The complaint further alleges that University of Phoenix’s deceptive advertising and marketing materials targeted active duty servicemembers, veterans, and military spouses, and that the company has been the largest recipient of Post-9/11 GI Bill benefits since the program’s inception.
The settlement requires UOP to pay $50 million to the Commission, which will be used for consumer redress, and to cancel approximately $141 million in debts owed to UOP by former students who first enrolled during the time period consumers were likely exposed to UOP’s deceptive advertising.
This settlement will not affect student borrowers’ federal or private loan obligations. Borrowers looking to lower their monthly payments on federal loans can obtain free information from the United States Department of Education about income-driven repayment plans, and those who believe they have been defrauded or deceived can apply for loan forgiveness through the Borrower Defense to Repayment procedures.
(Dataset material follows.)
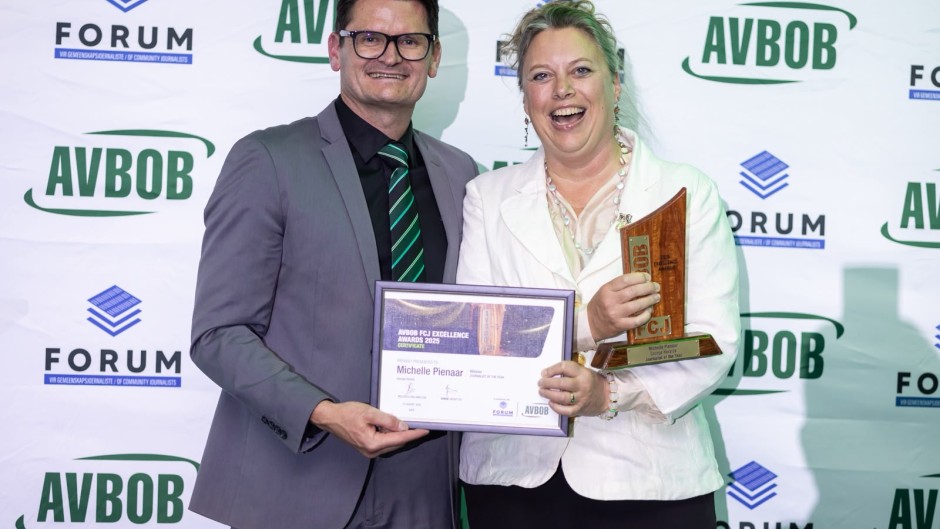 AVBOB CEO Eugene Strauss and Journalist of the Year winner Michelle Pienaar.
Applying for these programs does not cost anything. Student borrowers should steer clear of debt relief scams that charge thousands of dollars for services that are available for free.
The Commission vote authorizing the staff to file the complaint and stipulated final order was 4-0-1, with Commissioner Christine S. Wilson recused. The complaint and stipulated final order will be filed in the U.S. District Court for the District of Arizona. Commissioners Rohit Chopra and Rebecca Kelly Slaughter each issued separate statements.
“Every year, roughly one million Americans default on their student loans. The consequences of default are devastating for both individuals and society. For-profit colleges enroll about 10 percent of students, but account for roughly 50 percent of defaults,” said Chopra. “According to one analysis, students who attended just one of these colleges, University of Phoenix, owed nearly $36 billion in federal loans as of 2014.”
“The deceptive claims set out in the Commission’s complaint are particularly galling to me because they sold false hope—robbing consumers of their time and money for the prospect of a job that did not exist, said Slaughter. “The proposed order requires the University of Phoenix to pay 50 million dollars back to deceived consumers and relieves many affected consumers of the debt they directly owe to the University of Phoenix.”